Originally Posted by *womenswisdom* 
You might want to point out that the recall was for ONE PARTICULAR BRAND of slings, not slings in general. And then, if they seem interested, you could go into why that brand was unsafe and why the brand you use is different. People are probably just trying to be helpful, but are unknowledgeable about the particulars of the recall and just remember "slings=bad".









I agree... but I find it mildly annoying that all the recent crib and stroller recalls didn't cause "crib/stroller=bad" in people's minds...


----------



## KempsMama (Dec 1, 2008)

There are a few threads around about this right now, another poster posted this link, they are cards you can't print and hand out when strangers approach with safety concerns.

I don't wear DS1 anymore, and I'm hoping the panic will die down before DS2 is born, but I'm saving the link just in case!

http://sleepingbaby.net/sling_safety_card.pdf


----------



## Eclipsepearl (May 20, 2007)

I don't like the "Thank you for your concern..." It's patronizing.

I also wouldn't say that you've been BWing for years. While it's true, many parents do many dangerous things for years and they just luck out that nothing goes wrong. I consider the "I didn't/did do X and my child is fine" excuse a cop-out. I turned my first baby around too early. I put my oldest two in boosters to early. Nothing bad happened but I was ill-informed and lucky nothing bad happened. I actually urge other parents to not do what I did, even though my kids are fine.

I would just say that this is totally not the same design as the brand of sling that was recalled.

You may also add "If one brand of stroller or crib is recalled, it doesn't mean all strollers and cribs, no matter which brand, have to stop being used".

I also like the idea of saying to the person (this works well with MIL's too) "Oh didn't you read the article?!? This isn't an Infantino sling. It doesn't look at all like it. Those bag slings are not good..." and carry on. If they try to say something, just tell them to "go back and look at it on the internet" and they'll "see that it's nothing like the sling I'm now wearing my baby in which is so much safer..."

Then it's obvious that you think that _they're_ misinformed...


----------



## Kelly1101 (Oct 9, 2008)

Quote:


Originally Posted by *KringyBingy* 
I am super annoyed with strangers approaching me and asking if I have heard the dangers of the sling I am wearing. Does anyone have something constructive I can say to these obtuse people? I am just so taken back that I am lost for words.

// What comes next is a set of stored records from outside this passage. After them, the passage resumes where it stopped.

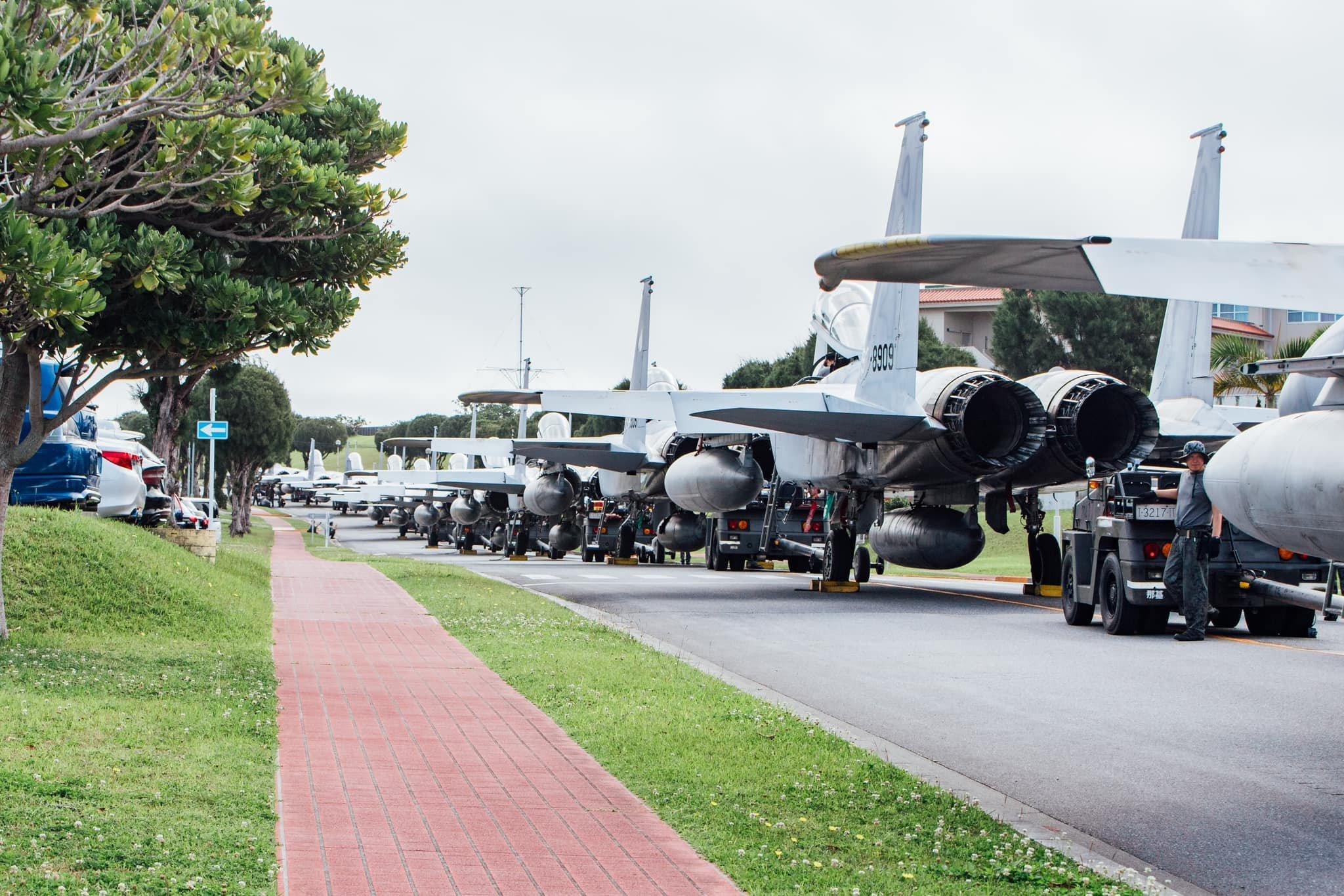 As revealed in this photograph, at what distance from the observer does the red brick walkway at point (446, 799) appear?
4.99 m

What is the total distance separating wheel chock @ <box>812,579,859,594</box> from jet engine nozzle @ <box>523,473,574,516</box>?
1658 cm

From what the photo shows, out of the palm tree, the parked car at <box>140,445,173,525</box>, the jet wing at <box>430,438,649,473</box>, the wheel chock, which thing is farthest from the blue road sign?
the palm tree

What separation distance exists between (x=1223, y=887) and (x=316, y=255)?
31.7 ft

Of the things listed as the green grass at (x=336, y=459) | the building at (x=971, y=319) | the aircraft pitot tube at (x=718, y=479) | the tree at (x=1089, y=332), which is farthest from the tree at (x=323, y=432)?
the aircraft pitot tube at (x=718, y=479)

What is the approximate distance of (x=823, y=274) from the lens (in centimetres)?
556

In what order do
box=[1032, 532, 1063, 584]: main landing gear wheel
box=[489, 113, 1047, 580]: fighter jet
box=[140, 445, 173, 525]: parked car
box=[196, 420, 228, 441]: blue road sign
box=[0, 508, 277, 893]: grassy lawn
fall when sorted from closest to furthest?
box=[0, 508, 277, 893]: grassy lawn
box=[489, 113, 1047, 580]: fighter jet
box=[1032, 532, 1063, 584]: main landing gear wheel
box=[140, 445, 173, 525]: parked car
box=[196, 420, 228, 441]: blue road sign

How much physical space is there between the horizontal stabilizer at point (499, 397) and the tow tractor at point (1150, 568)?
1027cm

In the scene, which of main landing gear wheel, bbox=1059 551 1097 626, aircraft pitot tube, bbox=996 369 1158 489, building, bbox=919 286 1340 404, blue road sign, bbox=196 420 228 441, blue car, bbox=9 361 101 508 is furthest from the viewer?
building, bbox=919 286 1340 404

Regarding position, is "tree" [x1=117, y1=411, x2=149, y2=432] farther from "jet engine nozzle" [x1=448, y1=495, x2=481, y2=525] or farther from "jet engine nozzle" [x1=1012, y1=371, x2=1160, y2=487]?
"jet engine nozzle" [x1=1012, y1=371, x2=1160, y2=487]

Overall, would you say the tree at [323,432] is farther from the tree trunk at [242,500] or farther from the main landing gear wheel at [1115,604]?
the main landing gear wheel at [1115,604]

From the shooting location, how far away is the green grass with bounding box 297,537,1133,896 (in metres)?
5.15

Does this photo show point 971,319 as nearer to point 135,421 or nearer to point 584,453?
point 584,453

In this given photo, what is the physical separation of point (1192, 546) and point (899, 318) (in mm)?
6793

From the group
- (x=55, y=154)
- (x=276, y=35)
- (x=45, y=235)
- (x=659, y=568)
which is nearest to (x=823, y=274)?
(x=45, y=235) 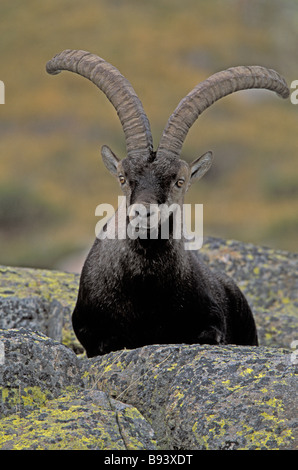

Perfect opportunity to educate, really. This actually happened to me this weekend. I want a ring sling for the new baby and am looking at Sleeping Baby Productions ( http://www.sleepingbaby.net/ ), and I posted the link on my mom's FB page so that she could check it out. My aunt (sweet older lady who works in a baby boutique -type store) posts on there "Be careful, there has been a lot of news lately about unsafe slings and recalls." I just told her, yes, there are a type of slings called "bag slings" that are unsafe because they cover the baby's face and place the baby in a position that can cause asphyxiation. Then went on to talk about the different in ring slings and how the face is not covered and the positioning is better. Her response: "Oh good, I'm glad you know about it."

No problem.

I'd say the same to anyone who walked up to me.

It's not people's fault if they don't know that much about baby-wearing, I'm sure they are genuinely concerned because they've heard "sling=bad" and want to help. So if you set them straight on it, you can spread the word for safe baby-wearing.


----------



## lava (May 5, 2007)

Was shopping with 4.5MO DS this weekend--he's big for his age and very active--he was in my Comfy Joey pouch, on my front, sitting up facing me and having a 'conversation' with me while he chewed on his fingers. Three different people (started with a manager while I was entering the restroom--he was on the phone and put his call on hold to waylay me) pointed out to me that "those baby carriers" are unsafe. I was good though--I patiently explained that was a completely different type of carrier, different position in a different type of carrier, and as a matter of fact (you'll like this one) since I was shopping at (no flames, please!) WalMart, "did you know that" until just recently they SOLD that type of carrier (pretty much the only type they sold). Obviously none of them read the article--quite aside from the bag sling difference, the fact that the baby was sitting up and all that...<sigh>

I also pointed out to the manager (I have been complaining to management about this with no result since we moved to this town over 3 years ago) that the straps on their carts with the child seating things on the fronts are all broken--which is a huge inconvenience to anyone with more than one small child (8 months pregnant with this baby, I was shopping with 3YO DS2 on my back in an MT so 4YO DS1 could ride in the basket) but more than that, is DANGEROUS. He didn't seem to have much to say after that...imagine that!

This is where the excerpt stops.